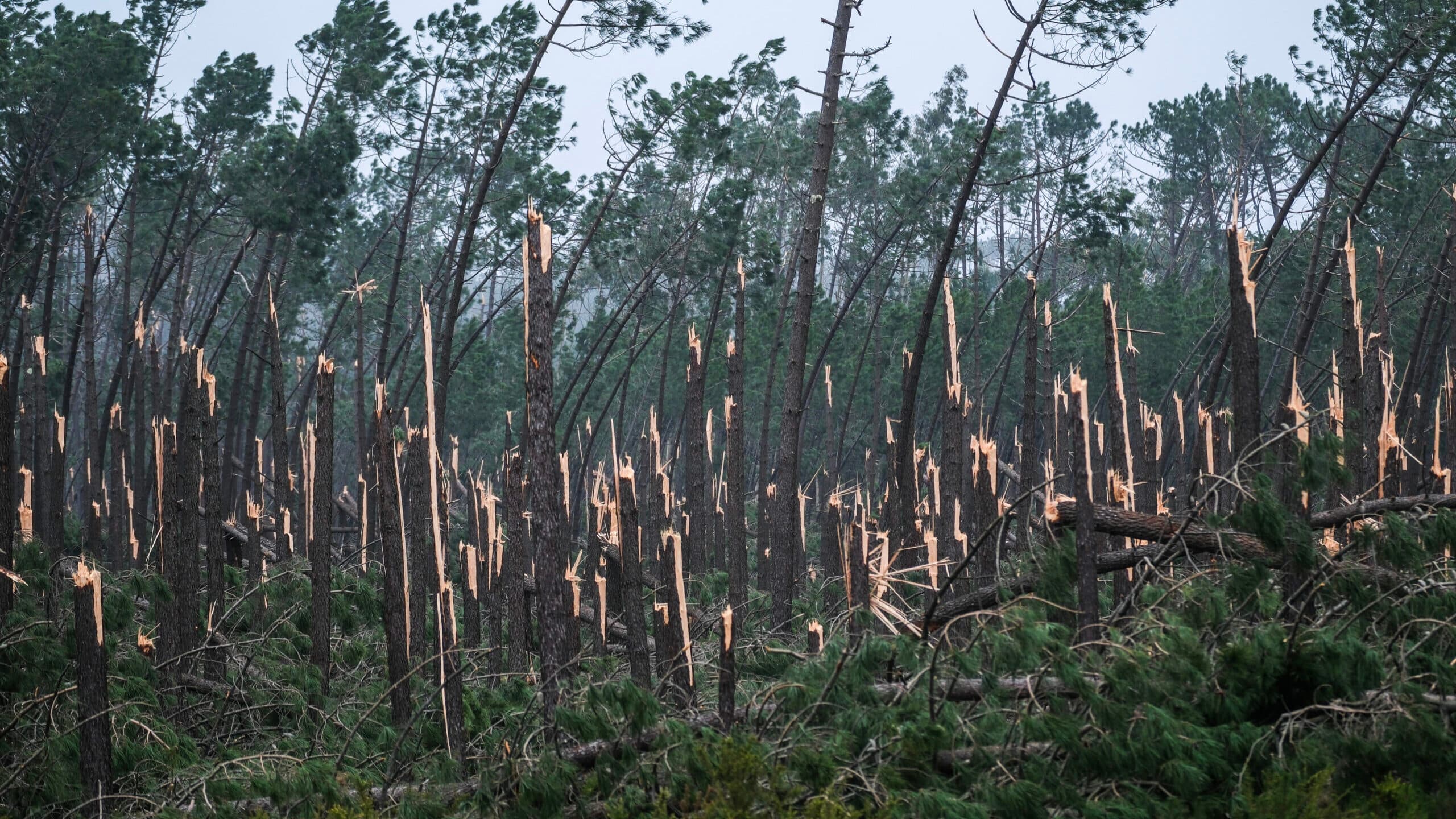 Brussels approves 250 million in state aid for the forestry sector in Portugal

+++

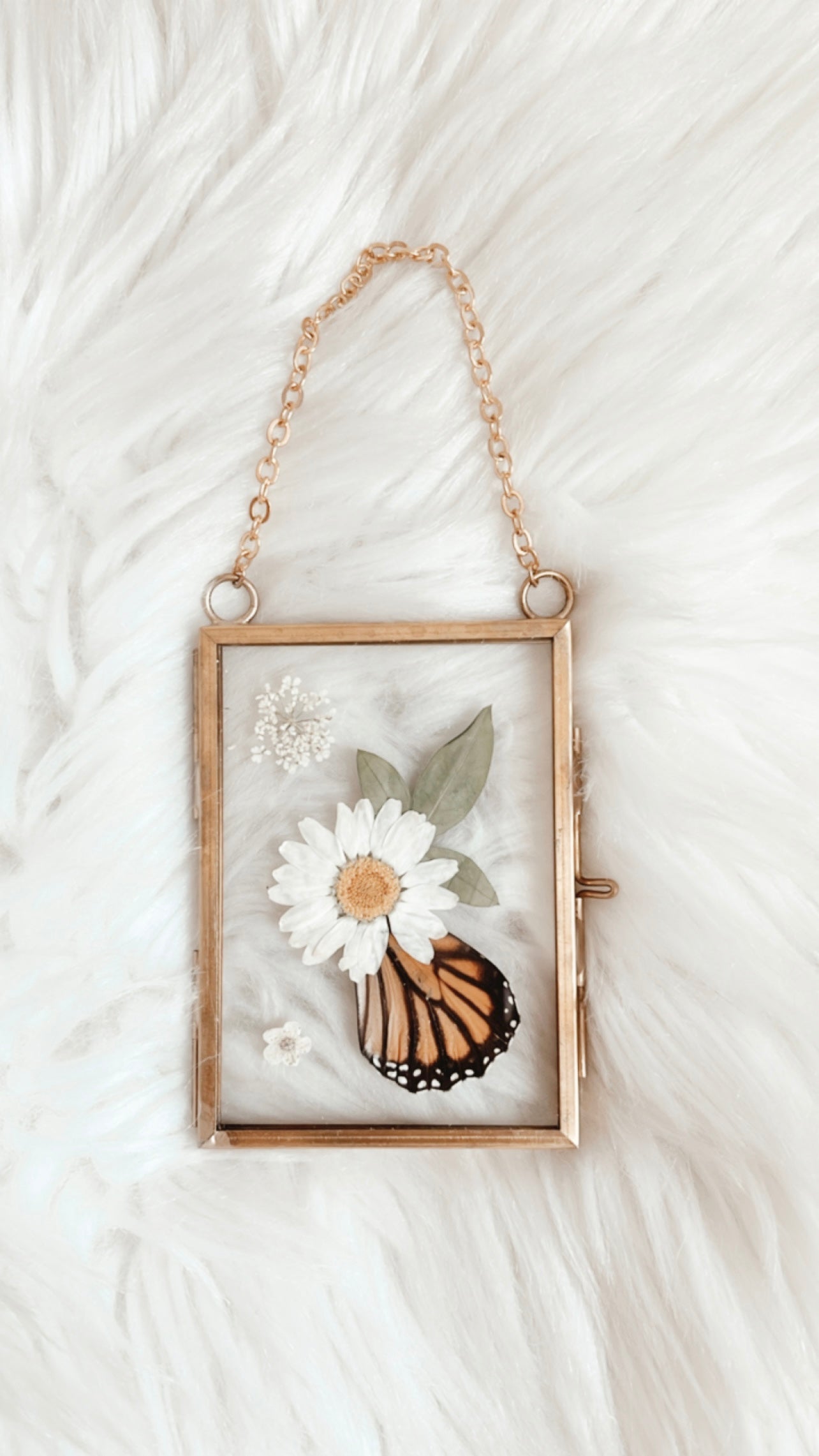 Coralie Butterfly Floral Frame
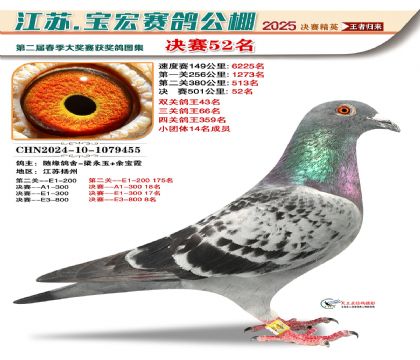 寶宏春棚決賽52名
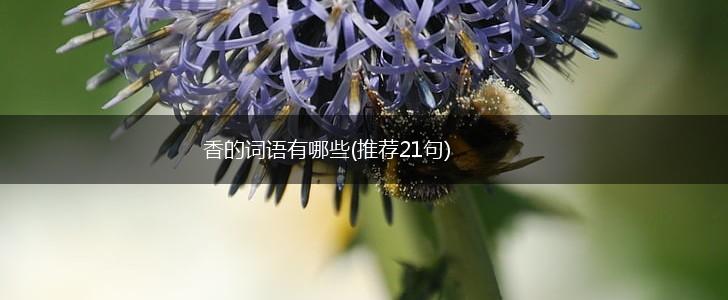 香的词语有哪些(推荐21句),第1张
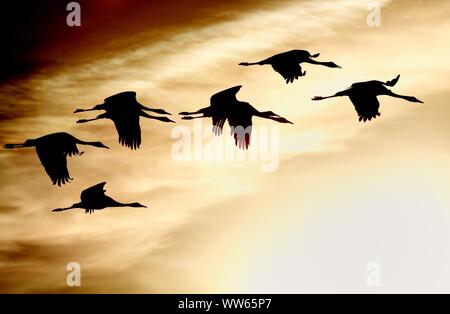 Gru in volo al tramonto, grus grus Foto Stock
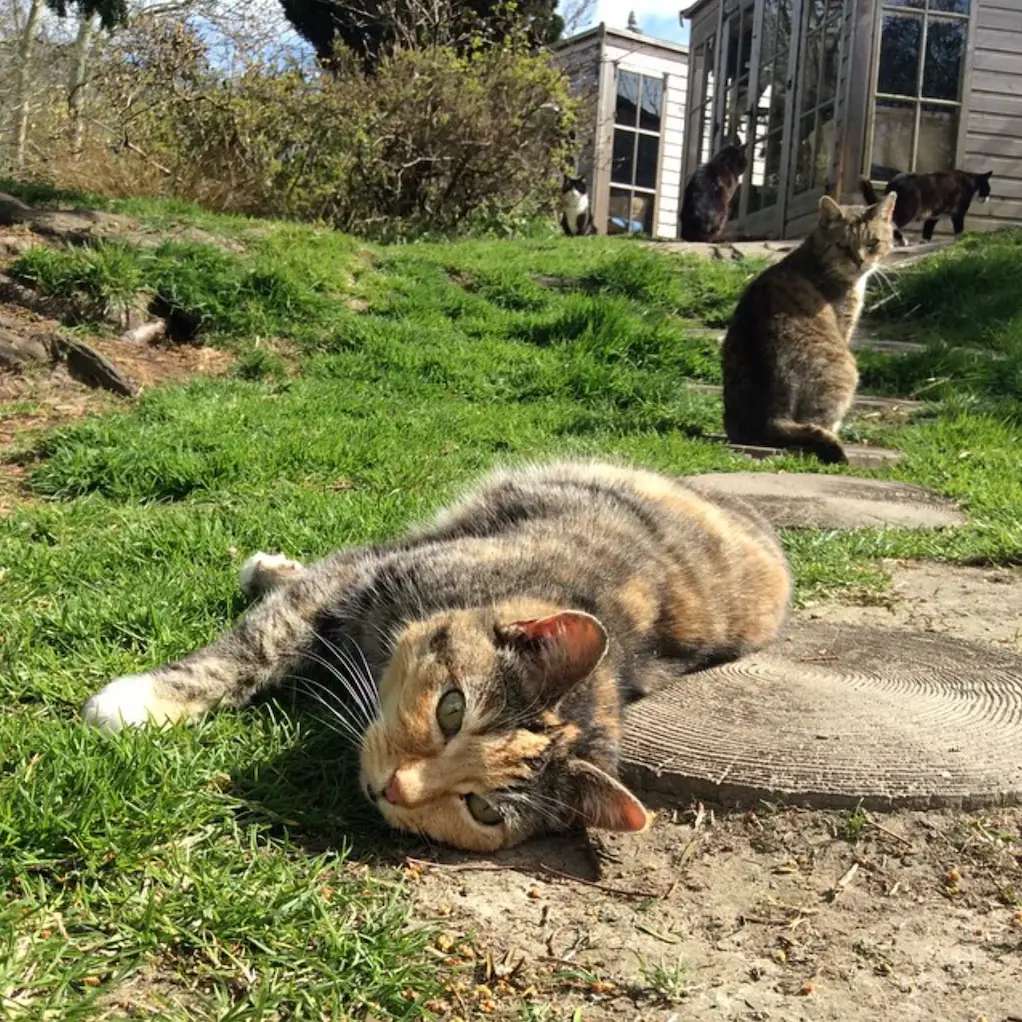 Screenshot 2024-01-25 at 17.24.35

+++

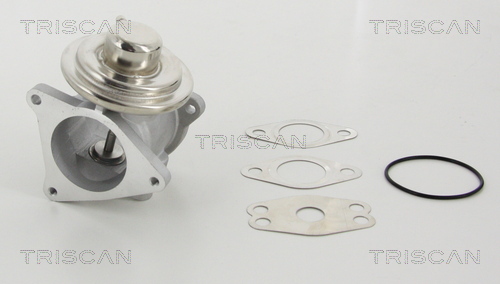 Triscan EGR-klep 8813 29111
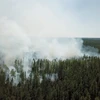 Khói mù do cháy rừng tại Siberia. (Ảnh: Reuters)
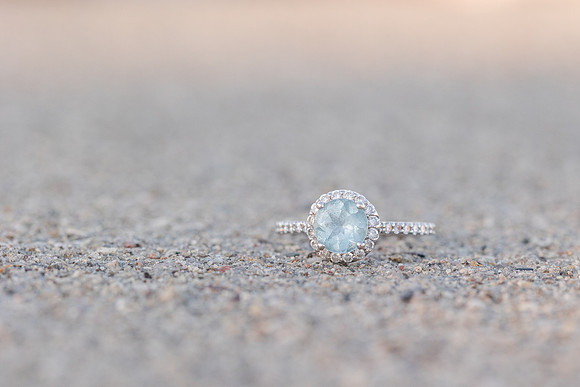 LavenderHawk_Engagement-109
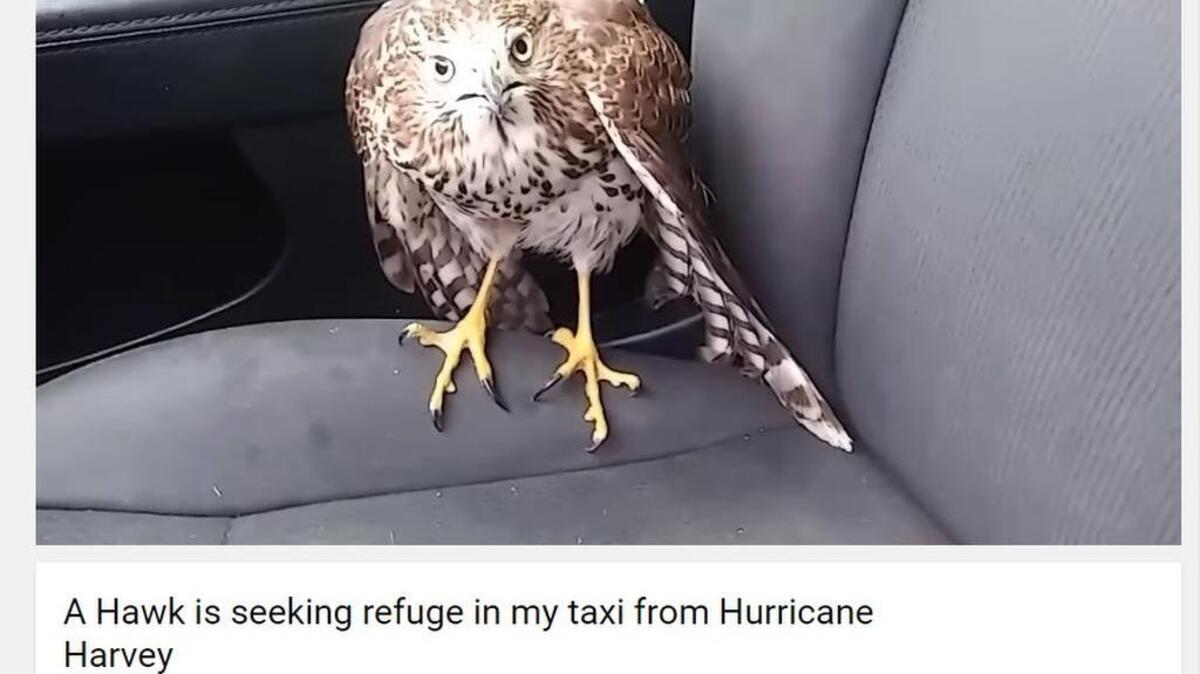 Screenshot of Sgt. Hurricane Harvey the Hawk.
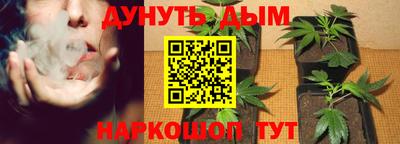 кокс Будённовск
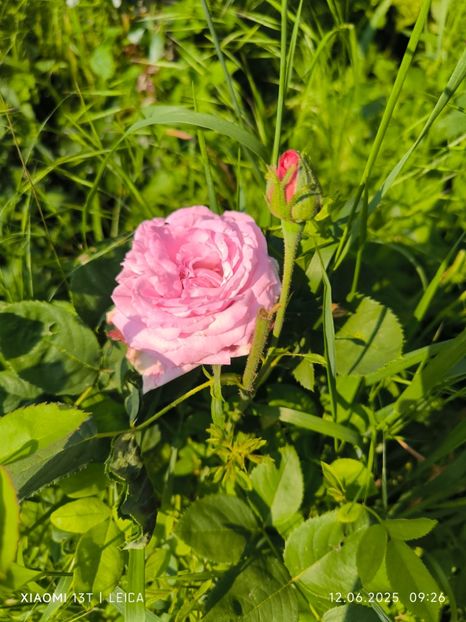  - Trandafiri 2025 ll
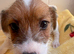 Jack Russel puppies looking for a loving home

+++

◆ **WHAT YOU SHOULD DO**
Please output, exactly as written, the lines above from the one holding "LavenderHawk_Engagement-109" through the one holding "Jack Russel puppies", both included, with the pictures omitted.

◆ **SOLUTION TO THE EXERCISE**
 LavenderHawk_Engagement-109
 Screenshot of Sgt. Hurricane Harvey the Hawk.
 кокс Будённовск
  - Trandafiri 2025 ll
 Jack Russel puppies looking for a loving home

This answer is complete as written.